Reproduce the listing word for word, leaving every picture behind.

- COLLECTED DATA
○ ○ ○ ○ ○ ○ ○

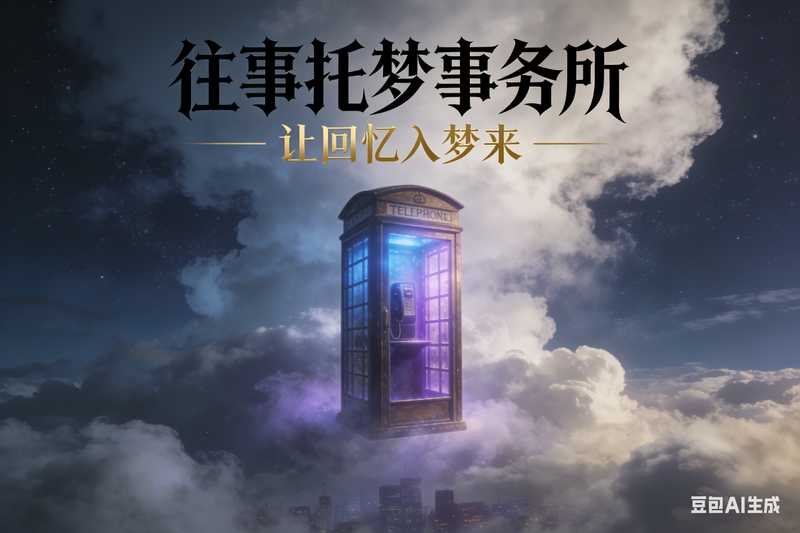 往事托梦事务所-工作流方案馆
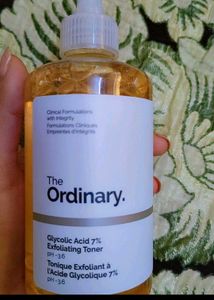 The Ordinary Glycolic Acid 7% Toning Solution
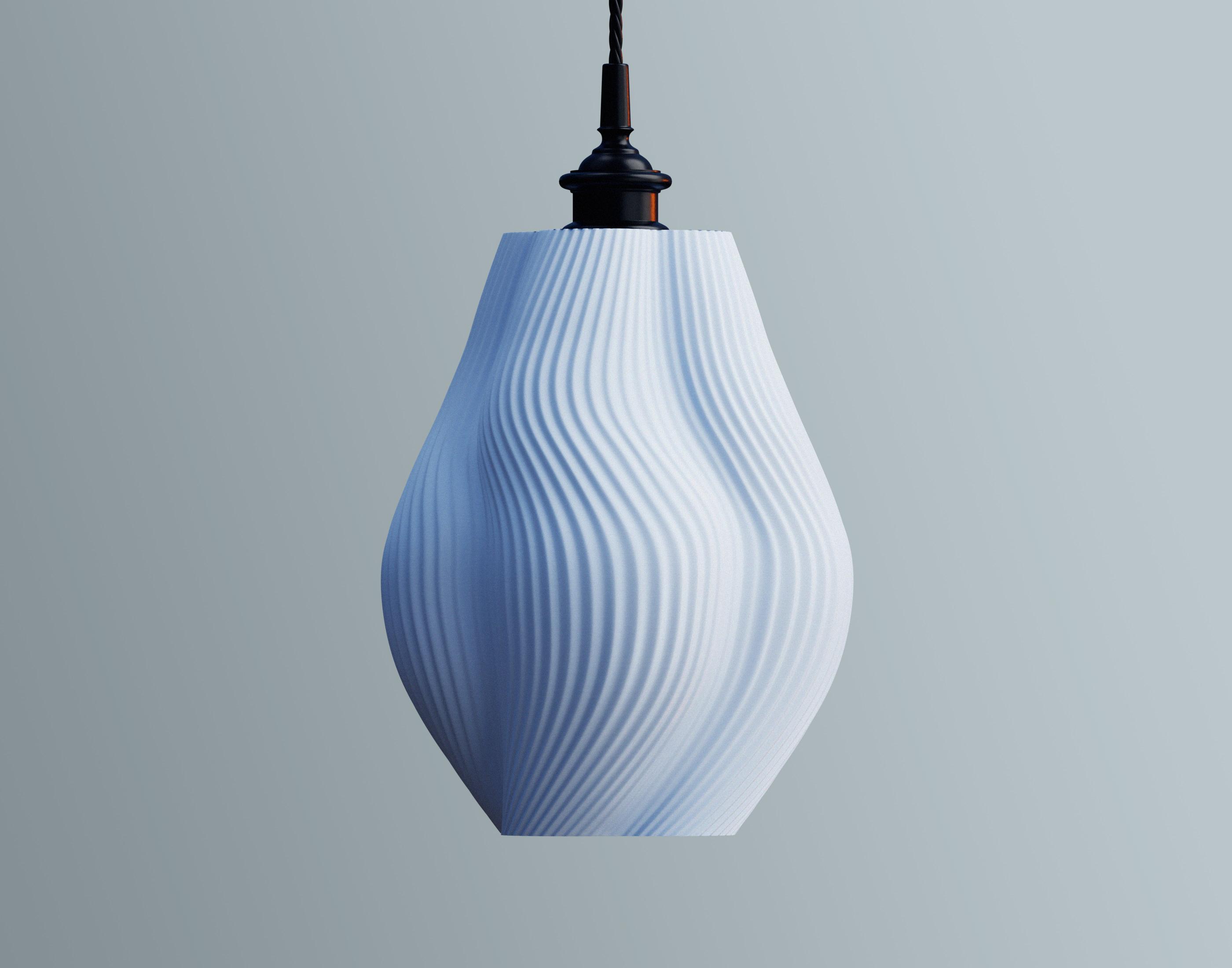 CloudLoom Light Pendant  3d model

○ ○ ○ ○ ○ ○ ○

- RESPONSE AREA
 往事托梦事务所-工作流方案馆
 The Ordinary Glycolic Acid 7% Toning Solution
 CloudLoom Light Pendant  3d model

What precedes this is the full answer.